For a tasty snack, try this recipe for "Cheesy" Roasted Chickpeas
"Cheesy" Roasted Chickpeas
1 16-oz. can chickpeas
1 tbsp. olive oil
1/3 cup nutritional yeast flakes
1 teaspoon smoked paprika
1. Pre-heat the oven to 400 degrees F.
2. Drain and rinse chickpeas and dry with a paper towel.
3. Toss chickpeas with olive oil, nutritional yeast, and smoked paprika.
4. Bake for 30-40 minutes until crunchy and golden brown. Sprinkle with salt and let cool.
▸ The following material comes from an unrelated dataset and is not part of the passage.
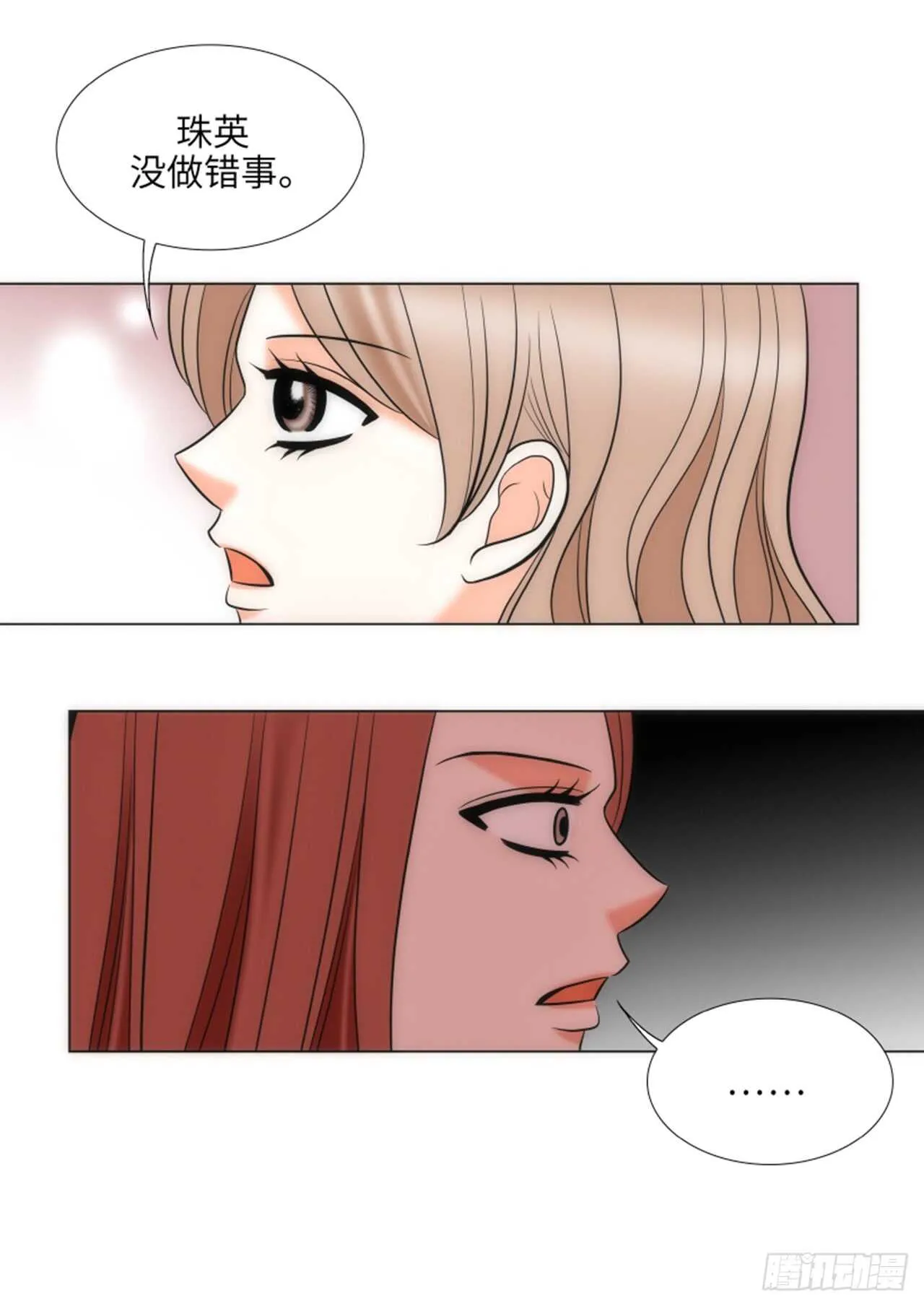 第49话 第12页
Enjoy!
You can also sub chickpeas for chopped kale in Miremadi's "Cheesy" Kale Chips recipe.
"Cheesy" Kale Chips
1/2 cup raw cashews soaked for 4 hours, then drained
4 cups kale, chopped
1/4 cup nutritional yeast
2 tbsp. coconut or olive oil
Pinch Himalayan or sea salt
Pinch cayenne pepper
1. Preheat oven to 275 degrees F. Add kale to a mixing bowl with olive or coconut oil and use hands to coat the kale with the oil.
2. Add soaked cashews, nutritional yeast, salt and cayenne pepper to a blender or food processor and pulse into a finely ground mixture.
3. Add cashew mixture to kale and use hands to coat the kale, making sure all leaves are covered.
4. Spread kale on baking sheet and bake for 10-15 minutes. Use a spatula to toss kale leaves and bake for an additional 7-15 minutes, or until kale chips are crispy and slightly browned. Remove from oven and let cool before eating.